Your chart does show how much better revenue grew after a tax increase than it did after a cut, something cons are always lying about.
J: Bush's 2003 supply side tax cuts produced biggest revenue gains for government in American History. When Charlie Gibson asked BO why he wanted to raise the Cap. gains tax when it always resulted in less revenue, BO said it had to with appearance, not revenue. A liberal lacks the intelligence to think clearly.
Stephen Moore: "from 2004 to 2007 federal tax cuts revenue increased by an enormous 785 billion., the largest increase in American History
individual and corporate tax were up 40% capital gains and dividend 71% in capital gains and 41% in dividends
NYTIMES: "An unexpectedly steep rise in tax revenues from corporations and the wealthy ids driving down the deficit this year"
" the latest IRS data through 2006 show a more than 120 billion increase in tax payments by the wealthy after the 2003 Bush tax cuts through 2006
Forbes: "The Macroeconomic Effects of Tax Changes: Estimates Based on a New Measure of Fiscal Shocks," co-authored with her husband, fellow University of California, Berkeley, economist David Romer.

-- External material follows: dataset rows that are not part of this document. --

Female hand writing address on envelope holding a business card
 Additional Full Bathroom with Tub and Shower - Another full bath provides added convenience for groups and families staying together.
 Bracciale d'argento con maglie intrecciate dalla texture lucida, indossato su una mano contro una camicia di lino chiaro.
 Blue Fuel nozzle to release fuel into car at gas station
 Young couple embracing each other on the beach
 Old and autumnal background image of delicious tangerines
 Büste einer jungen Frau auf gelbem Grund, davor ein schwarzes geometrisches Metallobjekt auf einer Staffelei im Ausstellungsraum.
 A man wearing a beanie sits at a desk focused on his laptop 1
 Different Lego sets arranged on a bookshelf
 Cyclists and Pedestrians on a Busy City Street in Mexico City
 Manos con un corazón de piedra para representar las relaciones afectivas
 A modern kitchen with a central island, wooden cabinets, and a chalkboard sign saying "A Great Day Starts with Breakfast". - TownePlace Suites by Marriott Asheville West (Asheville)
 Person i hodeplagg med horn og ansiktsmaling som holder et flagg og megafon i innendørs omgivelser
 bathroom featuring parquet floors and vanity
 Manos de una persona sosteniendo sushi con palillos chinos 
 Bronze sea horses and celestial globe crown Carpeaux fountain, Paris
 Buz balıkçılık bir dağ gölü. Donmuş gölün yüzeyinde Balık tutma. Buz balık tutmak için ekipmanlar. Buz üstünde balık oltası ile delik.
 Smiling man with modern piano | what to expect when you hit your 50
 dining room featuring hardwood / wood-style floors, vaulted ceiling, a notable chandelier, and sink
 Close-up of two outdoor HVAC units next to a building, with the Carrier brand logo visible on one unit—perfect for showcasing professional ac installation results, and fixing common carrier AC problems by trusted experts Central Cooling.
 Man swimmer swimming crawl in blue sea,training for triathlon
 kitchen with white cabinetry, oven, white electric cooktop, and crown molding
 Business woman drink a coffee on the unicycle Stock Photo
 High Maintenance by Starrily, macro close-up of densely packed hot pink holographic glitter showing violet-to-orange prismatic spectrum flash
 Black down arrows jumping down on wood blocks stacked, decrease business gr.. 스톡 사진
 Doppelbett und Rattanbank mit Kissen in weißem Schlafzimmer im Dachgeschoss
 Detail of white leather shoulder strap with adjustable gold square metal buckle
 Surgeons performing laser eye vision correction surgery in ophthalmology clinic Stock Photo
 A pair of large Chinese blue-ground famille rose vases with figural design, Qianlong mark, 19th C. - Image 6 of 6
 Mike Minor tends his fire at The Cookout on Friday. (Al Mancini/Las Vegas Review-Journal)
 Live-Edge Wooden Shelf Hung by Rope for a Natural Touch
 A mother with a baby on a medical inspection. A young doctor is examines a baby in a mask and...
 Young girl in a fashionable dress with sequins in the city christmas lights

In their article, they find that "tax increases are highly contractionary" and that tax cuts are highly expansionary. Otherwise-careful economists Greg Mankiw of Harvard and Lawrence Lindsey of the American Enterprise Institute have run with this result, as they should,
NYSUN: It came when Mr. Gibson questioned Senator Obama about the capital gains tax. Mr. Gibson quoted Mr. Obama as talking about raising the tax to 28% from 15%. "But actually, Bill Clinton, in 1997, signed legislation that dropped the capital gains tax to 20 percent," Mr. Gibson said. "And George Bush has taken it down to 15 percent. And in each instance, when the rate dropped, revenues from the tax increased; the government took in more money. And in the 1980s, when the tax was increased to 28 percent, the revenues went down. So why raise it at all, especially given the fact that 100 million people in this country own stock and would be affected?"
Why, Robert Bartley couldn't have put it better himself. Mr. Obama was totally flummoxed, betraying a fundamental lack of understanding of the Laffer Curve. The Democrat of Illinois spoke of the need to "finance health care for Americans who currently don't have it," and of the need to "invest in our infrastructure" and in "our schools."
Mr. Gibson, to his credit, wouldn't let the point go. "But history shows that when you drop the capital gains tax, the revenues go up," he replied to Mr. Obama. Mr. Obama replied by changing the subject, to "a housing crisis that this president has not been attentive to."
Mr. Gibson tried the same question, more or less, on Senator Clinton. She, at least, disavowed raising the capital gains rate above 20%, ruling out a return to the 28% rate contemplated by Mr. Obama. But when Mr. Gibson pressed her on why she would raise it at all, she went into lunk-headed, static analysis mode, displaying a lack of understanding as severe as that afflicting her rival. "You know, Charlie, I'm going to have to look and see what the revenue situation is," she said.
Dwyer,Washington Times: By 2003, Mr. Bush grasped this lesson. In that year, he cut the dividend and capital gains rates to 15 percent each, and the economy responded. In two years, stocks rose 20 percent. In three years, $15 trillion of new wealth was created. The U.S. economy added 8 million new jobs from mid-2003 to early 2007, and the median household increased its wealth by $20,000 in real terms.
But the real jolt for tax-cutting opponents was that the 03 Bush tax cuts also generated a massive increase in federal tax receipts. From 2004 to 2007, federal tax revenues increased by $785 billion, the largest four-year increase in American history. According to the Treasury Department, individual and corporate income tax receipts were up 40 percent in the three years following the Bush tax cuts. And (bonus) the rich paid an even higher percentage of the total tax burden than they had at any time in at least the previous 40 years
http://elsa.berkeley.edu/~cromer/draft1108.pdf
Or the National bureau of Economic Research? They non-partisan enough?